**Your instructions**
Only one stretch of the records below is wanted: the lines from the one holding "Ac File Extension" through the one holding "OŚWIETLENIE AUTA 1/10". Return it exactly, both ends included.

[Start of Attachment]

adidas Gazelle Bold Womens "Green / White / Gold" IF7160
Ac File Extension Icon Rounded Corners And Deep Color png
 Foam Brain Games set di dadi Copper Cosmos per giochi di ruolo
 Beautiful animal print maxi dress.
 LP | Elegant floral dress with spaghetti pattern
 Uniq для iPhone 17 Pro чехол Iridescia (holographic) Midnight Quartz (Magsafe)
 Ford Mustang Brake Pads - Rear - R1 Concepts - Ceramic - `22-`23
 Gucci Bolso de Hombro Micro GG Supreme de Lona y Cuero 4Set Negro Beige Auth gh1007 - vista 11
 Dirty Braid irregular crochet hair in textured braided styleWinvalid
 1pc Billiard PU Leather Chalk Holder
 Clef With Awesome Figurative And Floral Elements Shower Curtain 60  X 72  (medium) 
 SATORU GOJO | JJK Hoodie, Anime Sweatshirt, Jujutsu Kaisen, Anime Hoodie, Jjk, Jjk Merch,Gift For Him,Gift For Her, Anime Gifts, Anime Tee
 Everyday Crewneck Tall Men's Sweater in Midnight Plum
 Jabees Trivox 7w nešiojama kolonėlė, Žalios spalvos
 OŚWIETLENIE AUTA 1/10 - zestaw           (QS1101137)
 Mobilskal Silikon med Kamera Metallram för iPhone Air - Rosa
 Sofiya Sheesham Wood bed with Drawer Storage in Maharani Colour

[End of Attachment]

**Expected answer**
Ac File Extension Icon Rounded Corners And Deep Color png
 Foam Brain Games set di dadi Copper Cosmos per giochi di ruolo
 Beautiful animal print maxi dress.
 LP | Elegant floral dress with spaghetti pattern
 Uniq для iPhone 17 Pro чехол Iridescia (holographic) Midnight Quartz (Magsafe)
 Ford Mustang Brake Pads - Rear - R1 Concepts - Ceramic - `22-`23
 Gucci Bolso de Hombro Micro GG Supreme de Lona y Cuero 4Set Negro Beige Auth gh1007 - vista 11
 Dirty Braid irregular crochet hair in textured braided styleWinvalid
 1pc Billiard PU Leather Chalk Holder
 Clef With Awesome Figurative And Floral Elements Shower Curtain 60  X 72  (medium) 
 SATORU GOJO | JJK Hoodie, Anime Sweatshirt, Jujutsu Kaisen, Anime Hoodie, Jjk, Jjk Merch,Gift For Him,Gift For Her, Anime Gifts, Anime Tee
 Everyday Crewneck Tall Men's Sweater in Midnight Plum
 Jabees Trivox 7w nešiojama kolonėlė, Žalios spalvos
 OŚWIETLENIE AUTA 1/10 - zestaw           (QS1101137)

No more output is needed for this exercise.